The two Day properties - 1873.
Bird's Eye View map, 1888. View faces south-west over Parker Hill towards Jamaica Plain.
Sewell & Day Cordage Co. Between Parker street and Huntington avenue. (Bromley, 1884)
Jamaica Plain's Day street runs north from Centre street at Hyde Square towards Heath street. It originally connected with Heath street, but now stops where Minden street connects a block short of Heath street. Day, Centre and Heath streets all date far back into Jamaica Plain history, and all may originate to the 1662 Roxbury laying out of streets that gives us the earliest recorded street date. In 1825, another common date for street acceptance in Roxbury, the road between Centre and Heath streets was given the name Cross street (as shown on the 1859 map above).

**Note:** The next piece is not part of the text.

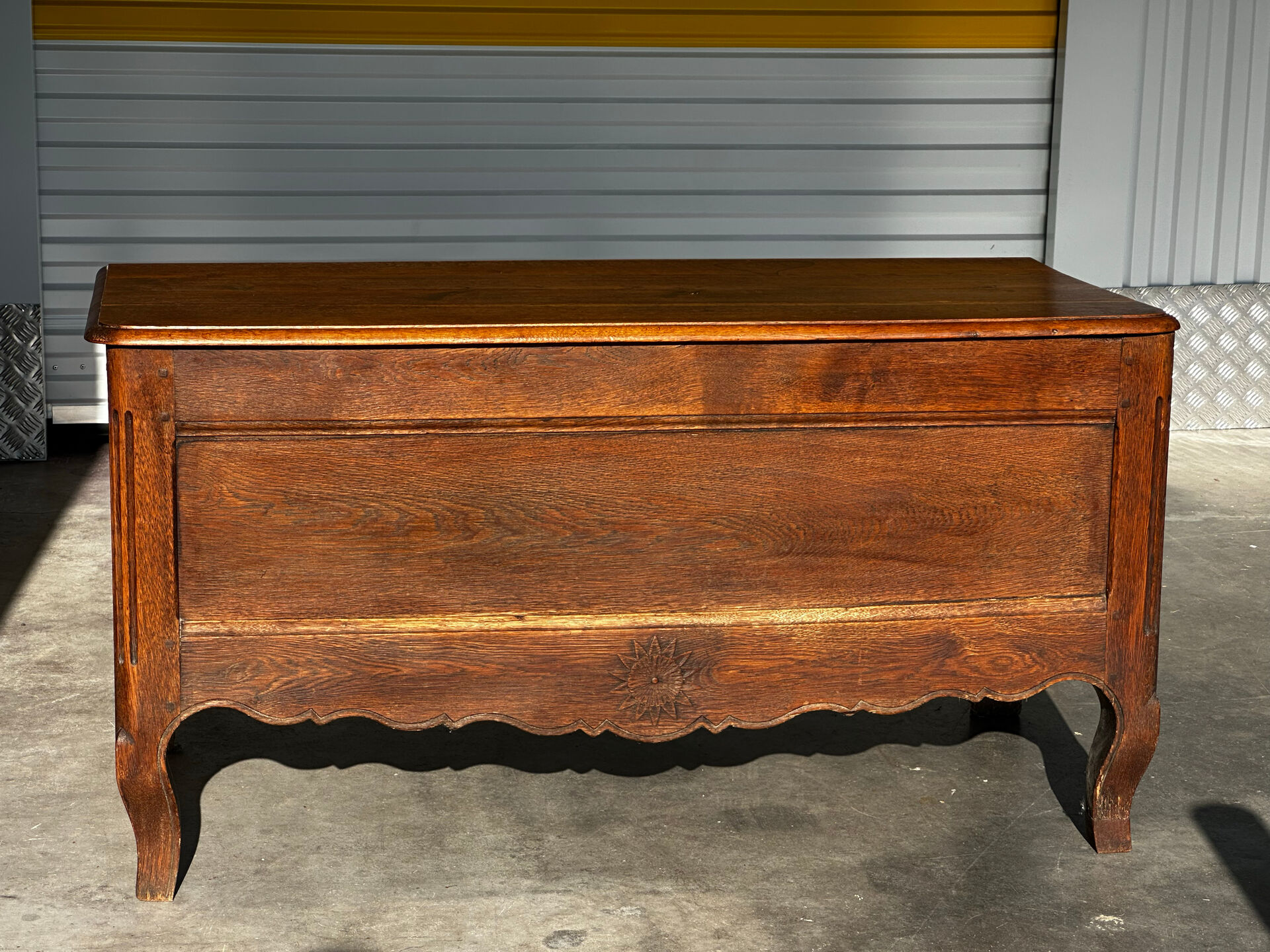French provincial chest in carved and pegged solid oak, 18th century.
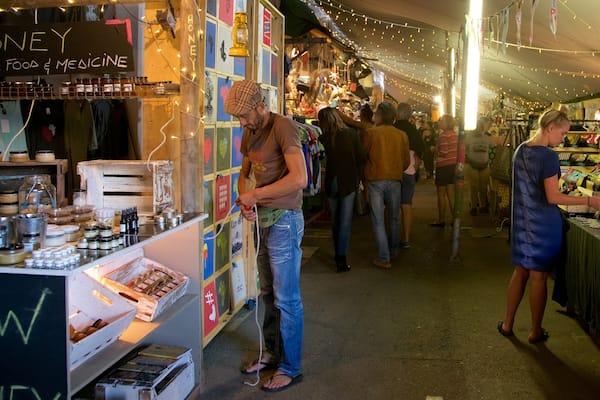 Cape Town featuring markets as well as a small group of people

So how did Cross street become Day street? The answer comes from the Norfolk County Registry of Deeds. In May of 1848, Benjamin Sewall and Moses Day, partners in Sewall and Day Cortage Company, purchased 8 acres of land from Joseph P. Shaw, then of New Orleans. In time, Day would buy part of the lot, with his house already built upon it, from his partner Sewall. In April of 1868, Cross street was renamed Day street, in honor of one of Roxbury's leading businessmen - along with owning the ropeworks, Day bought and sold land in Roxbury.
[In a correction to the original text, I now show the home of Moses Day at its correct location on Heath street adjacent to the house of William Heath. The house originally shown as belonging to Moses Day at Heath and Cross streets was actually owned by his son, Moses H. Day.]

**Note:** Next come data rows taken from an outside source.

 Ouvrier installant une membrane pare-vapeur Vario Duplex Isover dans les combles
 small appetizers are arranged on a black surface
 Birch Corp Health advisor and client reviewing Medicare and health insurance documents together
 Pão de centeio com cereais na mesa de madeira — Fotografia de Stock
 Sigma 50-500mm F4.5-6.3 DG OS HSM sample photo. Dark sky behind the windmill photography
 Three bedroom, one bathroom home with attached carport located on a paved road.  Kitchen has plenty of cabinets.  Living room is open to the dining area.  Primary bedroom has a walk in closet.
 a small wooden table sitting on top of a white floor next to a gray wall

t. The bottom map, from the same year, shows the Sewall and Day Cordage Company, between Parker street and Huntington avenue. Note the long, narrow building along Parker street. That was the rope walk, a traditional part of every rope factory. The longer the rope walk, the longer was the rope that could be made in one piece. Rope walks appear in Roxbury maps from the early/mid-19th Century. They were a fire hazard because of all the dry hemp and hot tar they contained, and the smell of tar made them unattractive as well. The newly filled land that makes up today's Fenway district was just the place to put a rope walk. Note that the 1884 map shows Sewall and Day owning land across Huntington avenue as well. That land would become the Museum of Fine Arts property soon after.
Sewall and Day opened their ropeworks in 1835. Day himself is noted for having modified the spinning jenny to assemble rope yarns in 1841. At a time when Boston ships carried a large share of American sea-going freight, rope-making would have been a critical industry for the area, and any improvement in manufacture would have given advantage to Boston's overseas traders.

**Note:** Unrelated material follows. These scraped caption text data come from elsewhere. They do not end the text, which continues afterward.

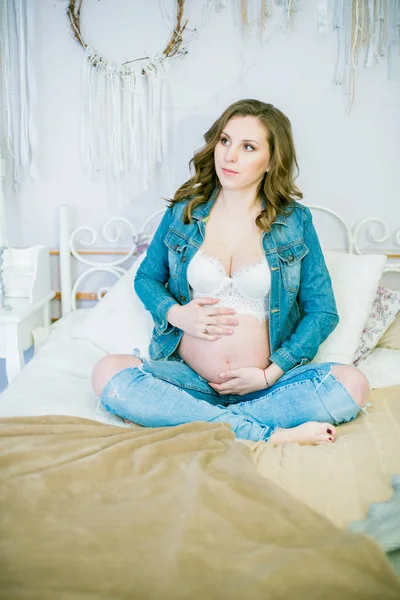 Piękna Kobieta Ciąży Niebieskie Dżinsy Jest Łóżku Koncepcja Szczęśliwego Macierzyństwa — Zdjęcie stockowe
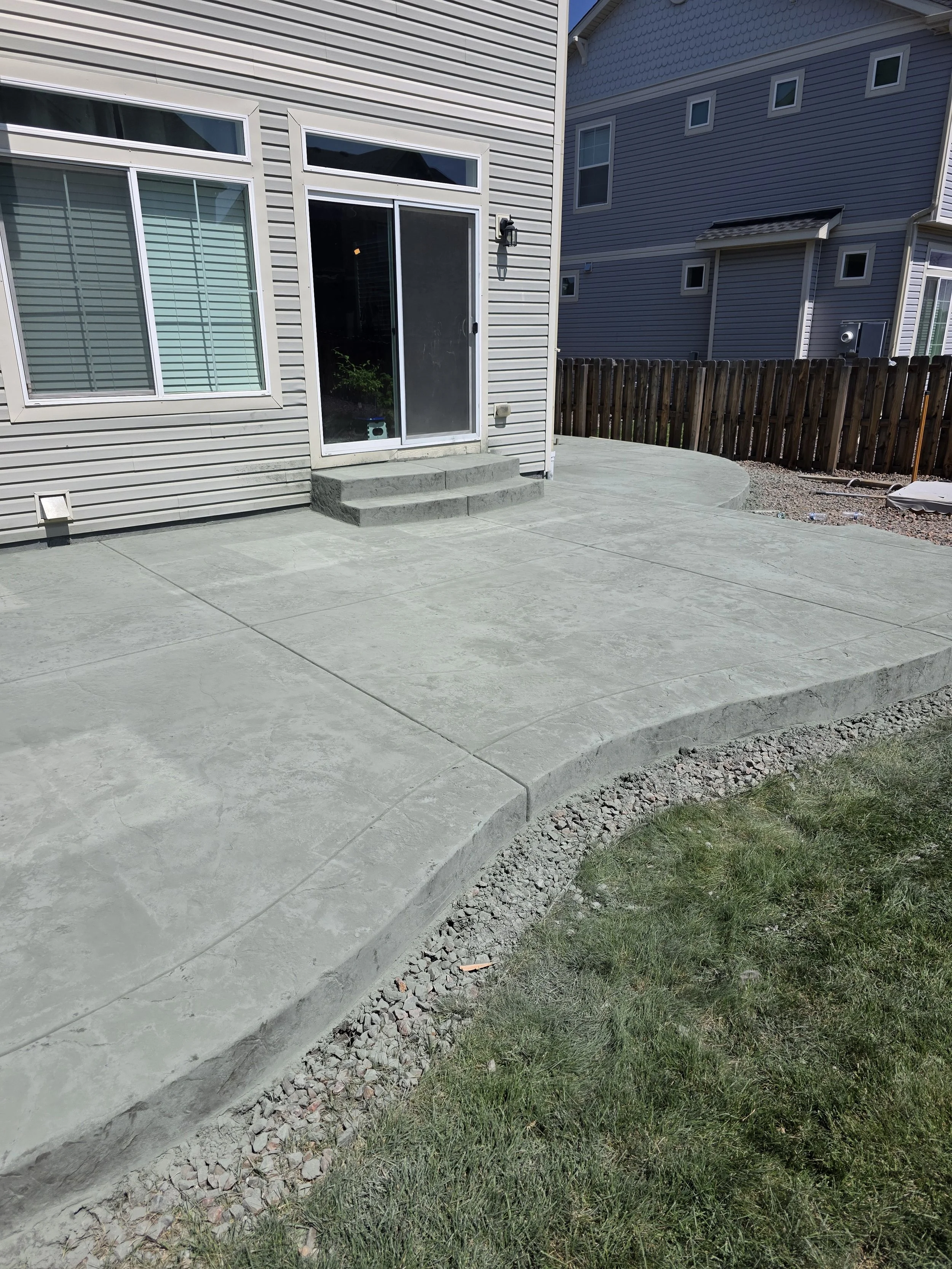 A backyard concrete patio with steps leading up to a sliding glass door, a wooden fence, and a small patch of grass on the right, with neighboring houses in the background.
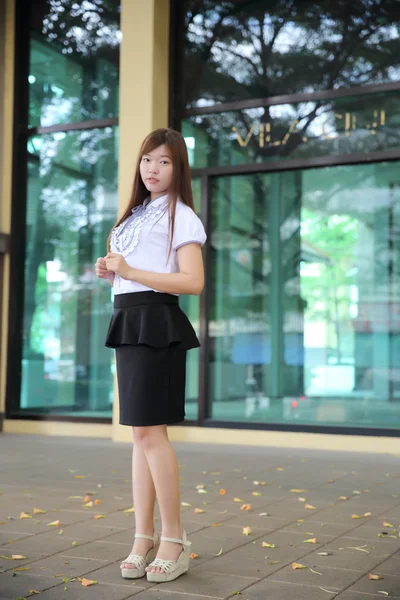 Молодая азиатская деловая женщина, стоящая на фоне офиса — стоковое фото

Anyone interested in the Day family genealogy, please visit: http://weitzday.tribalpages.com/
Special thanks to Glen Wallace and the Day family descendants for correcting and adding to this article.
Resources: American Heritage.com - Ropemaking
Norfolk County Registry of Deeds:
180:101 - 5/10/1848 Joseph P. Shaw to Benjamin Sewall and Moses Day
310:198 - 12/2/1862 Benjamin Sewall to Moses Day (part of same lot).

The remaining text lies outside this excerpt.